I’ve only been once a couple of years ago when both Hamlet and Peckham were away and I’d promised my son we’d watch a game. Really enjoyed it and would like to go again. And it’s not like there are many other options right now!


----------



## Pink Panther (May 13, 2021)

The Tooting v Erith Town LSC quarter final is also on Saturday 22 May. I haven't seen any further details yet. I'll probably go to Fisher as it's barely more than a mile from home.


----------



## Roger D (May 13, 2021)

Pink Panther said:


> The Tooting v Erith Town LSC quarter final is also on Saturday 22 May. I haven't seen any further details yet. I'll probably go to Fisher as it's barely more than a mile from home.



I suspect other ganes may also be on Saturday as the schedule is tight. 

Provisional dates if Fisher progress - so probably for multiple games 

Quarter Final - May 25 (Winner on Saturday away to Haringey)
Semi Final - May 29th (Fisher or Haringey home)
FInal - 31st May neutral venue TBC


----------



## Pink Panther (May 13, 2021)

Roger D said:


> I suspect other ganes may also be on Saturday as the schedule is tight.
> 
> Provisional dates if Fisher progress - so probably for multiple games
> 
> ...


The other half of the draw has already been completed up to the semi-final, in which Wimbledon play Cray Valley this Saturday, so it's Fisher/Hanwell/Haringey v Tooting/Erith on the 29th. 

There must be a chance the final could be at Champion Hill if they want to guarantee neither finalist hosts it.









						Fixtures
					

Fixtures




					www.londonfa.com


----------



## Roger D (May 13, 2021)

If Dons make it, I suspect it will become a test game for that stadium. It could be a nice little earner for London FA and the other competing team.
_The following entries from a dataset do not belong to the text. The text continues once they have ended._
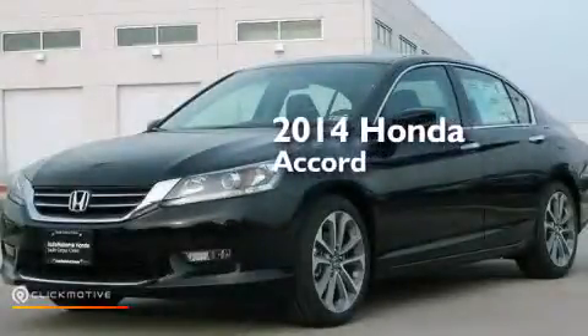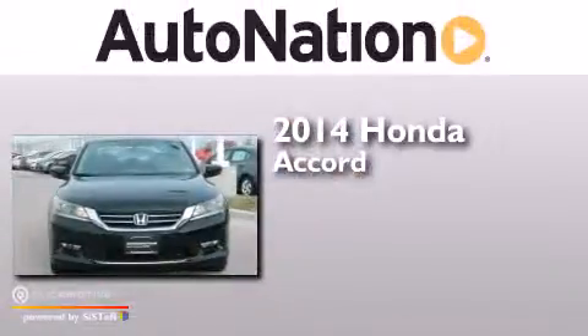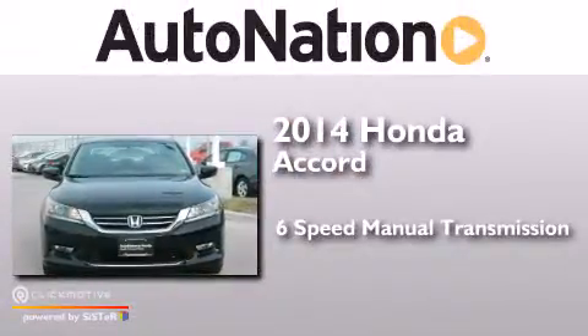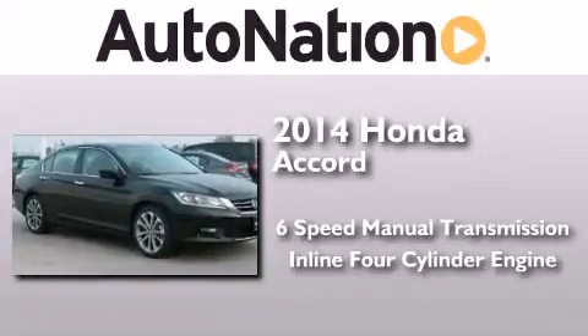This is a brand new 2014 Honda Accord. This four-door sedan has a six-speed manual transmission and an inline four-cylinder engine.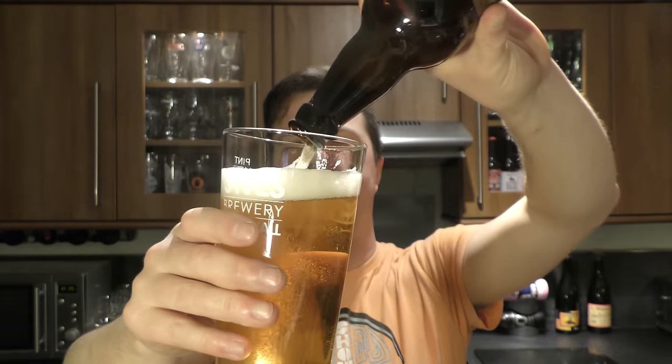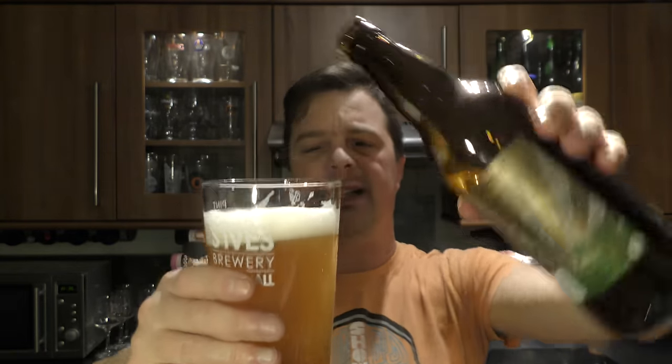Nicely hopped on the back end. It's a traditional British bitter with that classic mix of spice and bitterness — like a Styrian Gold or Fuggles kind of bitterness on the back end. It's not going to rip your palate off, but it gives you a little poke to tell you that it's there.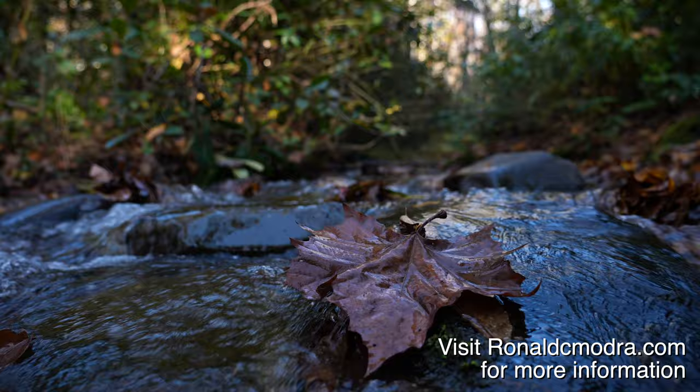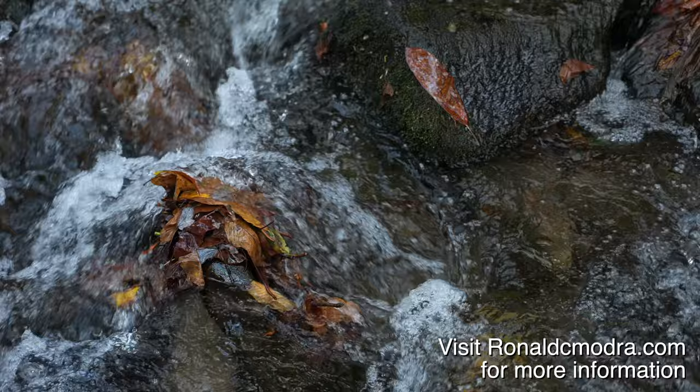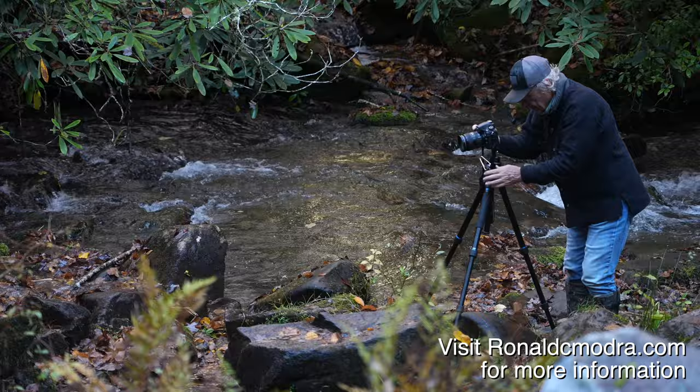Morton Overlook — another legendary spot for sunset. Grotto Falls. We're also very excited to have Bill Paquala from Sony joining us on this workshop. Bill is going to bring some Sony gear that we're going to be able to try out, and it's going to add another dimension to the workshop.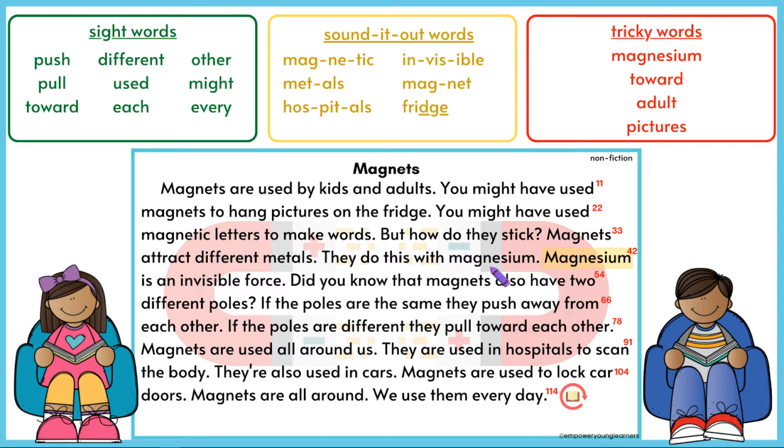They do this with magnetism. Magnetism is an invisible force. Did you know that magnets also have two different poles? If the poles are the same, they push away from each other. If the poles are different, they pull toward each other.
Dons are insisting on playing in the first game there. If they can play the final there they can then hire it out to London Broncos sooner than may otherwise be possible.


----------



## pompeydunc (May 13, 2021)

Roger D said:


> If Dons make it, I suspect it will become a test game for that stadium. It could be a nice little earner for London FA and the other competing team.
> 
> Dons are insisting on playing in the first game there. If they can play the final there they can then hire it out to London Broncos sooner than may otherwise be possible.



They have a test game at Plough Lane on Tuesday 18th May - Dons U23s vs Liverpool U23s.


----------



## pompeydunc (May 13, 2021)

Roger D said:


> I suspect other ganes may also be on Saturday as the schedule is tight.
> 
> Provisional dates if Fisher progress - so probably for multiple games
> 
> ...



The London Senior Trophy will be at a similar pace...

Tonight
2R - Barking U23s vs Balham B (BCD)

Saturday 15 May
3 x Quarter-finals (BCD)
Bridon Ropes v Peckham Town 
Hackney Wick v Forest Hill Park
AFC Cubo v Hilltop FC


Tuesday 18 May (TBC)
1 x QF
Elmstead vs Barking U23s or Balham B (presumably not BCD, but need to check with club)

Saturday 22 May
Semi-finals
Hackney Wick or Forest Hill Park vs Peckham Town or Bridon Ropes (Peckham or Bridon Ropes to be at home if vs Forest Hill Park as their home ground is not available)
Elmstead or Barking U23s or Balham B vs AFC Cubo or Hilltop

Saturday 29 May - final (or Monday 31 May as reserve date, if bad weather)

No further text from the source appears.